[[ Records supplied open ]]

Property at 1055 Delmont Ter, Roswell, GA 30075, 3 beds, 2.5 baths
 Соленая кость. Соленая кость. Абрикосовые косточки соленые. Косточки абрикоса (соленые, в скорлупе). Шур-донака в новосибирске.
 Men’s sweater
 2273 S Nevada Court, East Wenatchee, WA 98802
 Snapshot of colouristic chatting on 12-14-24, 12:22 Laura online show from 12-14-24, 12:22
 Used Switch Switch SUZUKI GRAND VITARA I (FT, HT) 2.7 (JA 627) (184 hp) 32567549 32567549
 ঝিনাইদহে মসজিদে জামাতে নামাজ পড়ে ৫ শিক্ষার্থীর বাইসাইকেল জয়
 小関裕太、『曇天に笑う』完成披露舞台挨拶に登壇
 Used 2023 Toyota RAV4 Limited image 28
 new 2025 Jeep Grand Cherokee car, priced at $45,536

[[ Records supplied closed ]]

> **What is being asked**
Starting at the line that contains "Snapshot of colouristic", write out every line through the last one in the data above, exactly as it stands.

> **Answer section**
 Snapshot of colouristic chatting on 12-14-24, 12:22 Laura online show from 12-14-24, 12:22
 Used Switch Switch SUZUKI GRAND VITARA I (FT, HT) 2.7 (JA 627) (184 hp) 32567549 32567549
 ঝিনাইদহে মসজিদে জামাতে নামাজ পড়ে ৫ শিক্ষার্থীর বাইসাইকেল জয়
 小関裕太、『曇天に笑う』完成披露舞台挨拶に登壇
 Used 2023 Toyota RAV4 Limited image 28
 new 2025 Jeep Grand Cherokee car, priced at $45,536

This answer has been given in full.